Containerization packages your application and its dependencies into portable, reproducible units that run consistently across environments. Done right, containers eliminate "works on my machine" issues, enable horizontal scaling, and simplify deployment. Done wrong, they introduce security vulnerabilities, bloated images, and operational complexity. This checklist ensures you get it right.

Checklist Items

  1. Write a multi-stage Dockerfile [critical]: Use multi-stage builds to separate build dependencies from runtime. Final image should contain only the compiled app and runtime deps.
  2. Use minimal base images [critical]: Start from Alpine, distroless, or slim images instead of full Ubuntu/Debian. Smaller images mean faster pulls and smaller attack surface.
  3. Scan images for vulnerabilities [critical]: Integrate Trivy, Snyk, or Docker Scout into CI/CD to catch known CVEs before images reach production.
  4. Do not run containers as root [important]: Create a non-root user in the Dockerfile and use the USER directive. Running as root in production is a serious security risk.
  5. Configure health checks [important]: Add HEALTHCHECK instructions to Dockerfiles and liveness/readiness probes in Kubernetes for reliable container lifecycle management.
  6. Set resource limits (CPU and memory) [important]: Define resource requests and limits in Kubernetes or Docker Compose to prevent single containers from consuming all host resources.
  7. Externalize configuration via environment variables [important]: Use environment variables or mounted config files for all environment-specific settings. Never bake secrets into images.
  8. Tag images with specific versions [recommended]: Use semantic version tags or Git SHA tags — never deploy with :latest in production. Pin all base image versions.
  9. Set up a container registry with access controls [recommended]: Use ECR, GCR, or Docker Hub with private repos. Restrict push access to CI/CD pipelines only.
  10. Implement graceful shutdown handling [recommended]: Handle SIGTERM signals to drain connections, complete in-flight requests, and release resources before container termination.

Common Mistakes

  • Bloated images with build tools included: Use multi-stage builds. Your runtime image should not include compilers, package managers, or source code.
  • Storing secrets in environment variables in the Dockerfile: Use Docker secrets, Kubernetes secrets, or external secret managers. ENV directives in Dockerfiles are visible in image layers.
  • Ignoring container logging: Log to stdout and stderr. Use a log aggregator to collect container output — do not write logs to files inside containers.

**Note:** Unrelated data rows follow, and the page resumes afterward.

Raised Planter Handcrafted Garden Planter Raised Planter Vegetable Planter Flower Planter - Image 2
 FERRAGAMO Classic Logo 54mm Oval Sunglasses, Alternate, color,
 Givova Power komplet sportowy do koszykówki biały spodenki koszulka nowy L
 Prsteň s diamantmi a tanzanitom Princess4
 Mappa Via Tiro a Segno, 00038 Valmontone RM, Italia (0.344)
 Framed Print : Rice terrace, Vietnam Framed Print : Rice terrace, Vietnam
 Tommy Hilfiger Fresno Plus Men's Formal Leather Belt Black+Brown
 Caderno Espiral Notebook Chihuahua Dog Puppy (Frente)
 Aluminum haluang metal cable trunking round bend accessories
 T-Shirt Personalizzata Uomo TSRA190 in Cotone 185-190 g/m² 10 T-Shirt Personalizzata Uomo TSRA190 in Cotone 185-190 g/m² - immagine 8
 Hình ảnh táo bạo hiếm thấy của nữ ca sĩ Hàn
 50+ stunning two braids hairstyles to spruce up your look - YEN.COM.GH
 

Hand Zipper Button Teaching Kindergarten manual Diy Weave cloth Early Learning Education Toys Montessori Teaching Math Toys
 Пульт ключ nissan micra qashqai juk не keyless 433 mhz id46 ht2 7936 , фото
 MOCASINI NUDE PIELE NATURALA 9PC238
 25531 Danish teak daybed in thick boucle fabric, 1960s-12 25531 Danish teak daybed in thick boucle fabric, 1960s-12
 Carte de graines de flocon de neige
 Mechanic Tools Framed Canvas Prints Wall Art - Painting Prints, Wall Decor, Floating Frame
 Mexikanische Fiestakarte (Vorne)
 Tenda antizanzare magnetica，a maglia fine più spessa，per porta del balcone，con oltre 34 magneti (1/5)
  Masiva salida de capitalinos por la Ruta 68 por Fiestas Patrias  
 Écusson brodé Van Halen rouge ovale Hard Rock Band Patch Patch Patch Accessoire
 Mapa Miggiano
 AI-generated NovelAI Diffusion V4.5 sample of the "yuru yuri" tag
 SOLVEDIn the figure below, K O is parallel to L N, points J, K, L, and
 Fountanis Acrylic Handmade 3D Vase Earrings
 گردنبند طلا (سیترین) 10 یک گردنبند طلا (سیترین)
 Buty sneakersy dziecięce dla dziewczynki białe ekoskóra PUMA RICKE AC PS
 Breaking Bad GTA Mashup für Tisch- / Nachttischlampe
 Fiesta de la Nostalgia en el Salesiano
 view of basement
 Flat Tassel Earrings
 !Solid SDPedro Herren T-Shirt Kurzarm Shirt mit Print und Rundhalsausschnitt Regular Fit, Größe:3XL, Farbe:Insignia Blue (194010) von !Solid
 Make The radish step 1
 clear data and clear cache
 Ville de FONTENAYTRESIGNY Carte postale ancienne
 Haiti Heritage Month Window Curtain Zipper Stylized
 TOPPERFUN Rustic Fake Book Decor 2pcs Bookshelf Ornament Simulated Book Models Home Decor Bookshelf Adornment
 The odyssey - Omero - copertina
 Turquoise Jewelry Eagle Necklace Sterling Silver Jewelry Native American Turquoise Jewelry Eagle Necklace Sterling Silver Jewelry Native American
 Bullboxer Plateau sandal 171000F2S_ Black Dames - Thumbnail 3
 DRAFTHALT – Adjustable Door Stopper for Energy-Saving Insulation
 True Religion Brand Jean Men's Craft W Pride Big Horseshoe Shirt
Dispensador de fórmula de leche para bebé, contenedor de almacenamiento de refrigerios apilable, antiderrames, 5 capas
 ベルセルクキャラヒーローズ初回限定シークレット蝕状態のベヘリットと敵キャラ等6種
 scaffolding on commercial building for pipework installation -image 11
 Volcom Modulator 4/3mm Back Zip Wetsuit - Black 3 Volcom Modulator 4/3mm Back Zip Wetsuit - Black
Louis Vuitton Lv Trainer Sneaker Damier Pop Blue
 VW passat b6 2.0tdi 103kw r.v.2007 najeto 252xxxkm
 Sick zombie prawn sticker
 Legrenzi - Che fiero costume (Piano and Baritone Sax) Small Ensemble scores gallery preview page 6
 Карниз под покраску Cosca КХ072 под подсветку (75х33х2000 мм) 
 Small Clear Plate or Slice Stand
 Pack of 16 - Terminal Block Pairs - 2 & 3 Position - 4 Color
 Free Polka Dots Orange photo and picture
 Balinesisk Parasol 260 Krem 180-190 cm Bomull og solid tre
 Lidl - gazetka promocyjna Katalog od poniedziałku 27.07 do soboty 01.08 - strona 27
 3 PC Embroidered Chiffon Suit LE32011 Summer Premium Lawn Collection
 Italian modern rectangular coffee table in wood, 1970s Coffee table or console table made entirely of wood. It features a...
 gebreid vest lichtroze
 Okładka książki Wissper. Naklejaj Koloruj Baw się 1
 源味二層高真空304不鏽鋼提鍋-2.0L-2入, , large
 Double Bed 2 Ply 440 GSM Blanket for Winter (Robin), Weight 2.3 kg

Frequently Asked Questions

Docker Compose or Kubernetes?
Docker Compose for local development and simple deployments with 2-5 containers. Kubernetes for production workloads needing auto-scaling, rolling updates, and service mesh. Many teams use both — Compose for dev, Kubernetes for prod.
How small should my container image be?
Aim for under 100 MB for most applications. Node.js apps can be under 50 MB with Alpine. Go and Rust apps can be under 20 MB with distroless or scratch base images.
Should I use Docker or Podman?
Docker is the industry standard with the largest ecosystem. Podman is rootless and daemonless, making it better for security-sensitive environments. Both use the same image format — choose based on your security and infrastructure requirements.